The Competition in Contracting Act of 1984 generally requires contracting agencies to obtain full and open competition through the use of competitive procedures, the dual purpose of which is to ensure that a procurement is open to all responsible sources and to provide the government with the opportunity to receive fair and reasonable prices.  41 U.S.C. § 3301(a).  Agencies generally must allow at least 30 days from the date of issuance of the RFQ for the receipt of quotations.  FAR § 5.203(c).  However, an agency may allow fewer than 30 days to respond to a solicitation where the agency is acquiring commercial items or the procurement is below the simplified acquisition threshold.  Id.; FAR § 5.203(b).  In these instances, the contracting officer should afford potential vendors a reasonable opportunity to respond considering the circumstances of the acquisition, such as the complexity, commerciality, availability, and urgency of the individual acquisition.  Id.  Agencies need only establish a solicitation response time that will afford potential vendors a reasonable opportunity to respond to each proposed contract action for the acquisition of commercial items.  GIBBCO LLC, B-401890, Dec. 14, 2009, 2009 CPD ¶ 255 at 3.

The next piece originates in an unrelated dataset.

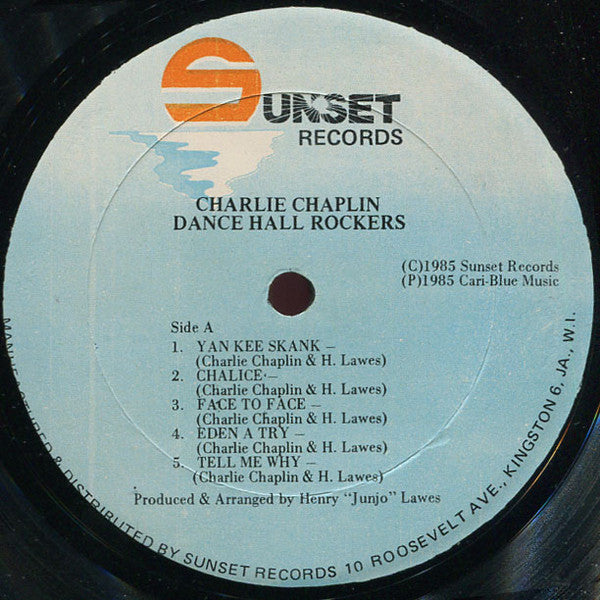 Charlie Chaplin (2) : Dance Hall Rockers (LP, Album)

The agency responds that the RFQ was issued for the procurement of commercial items and as such, the VA may allow for fewer than 30 days for potential vendors to respond to the solicitation.  Supp. COS at 1; Supp. Memorandum of Law at 1.  The agency argues, and the record supports, that it did consider the complexity, commerciality, and availability of the items to be procured in setting the response time.  Supp. COS at 1-2.  In this regard, the VA’s market research identified at least six small businesses that could readily meet its requirement to provide Hill-Rom LIKO lift systems and the associated supplies and services.  Id. at 1.  Moreover, because the agency’s procurement was for a brand name commercial off the shelf item, whether a vendor could provide the item should have been readily apparent.  Id.  In short, we find reasonable the agency’s determination that nearly seven days was a reasonable amount of time to respond to this solicitation considering the complexity, commerciality, and availability of the items to be procured.[6]  This protest ground is denied.

Solicitation Ambiguity

The protester also argues that the solicitation is unclear and ambiguous.  Protest at 3.  Warrior contends that the agency’s justification for brand name lifts is at odds with the terms of the RFQ because “the [justification] indicates that an awardee has already been selected, making the acceptance of offers impossible and the Solicitation unnecessary.”  IdWhere a dispute exists as to a solicitation’s actual requirements, we will first examine the plain language of the solicitation.  Sikorsky Aircraft Corp., B-416027, B-416027.2,  May 22, 2018, 2018 CPD ¶ 177 at 11.  Where there is a disagreement over the meaning of solicitation language, we will resolve the matter by reading the solicitation as a whole and in a manner that gives effect to all provisions; to be reasonable, an interpretation must be consistent with the solicitation when read as a whole and in a reasonable manner.  Crew Training Int’l, Inc., B-414126, Feb. 7, 2017, 2017 CPD ¶ 53 at 4. 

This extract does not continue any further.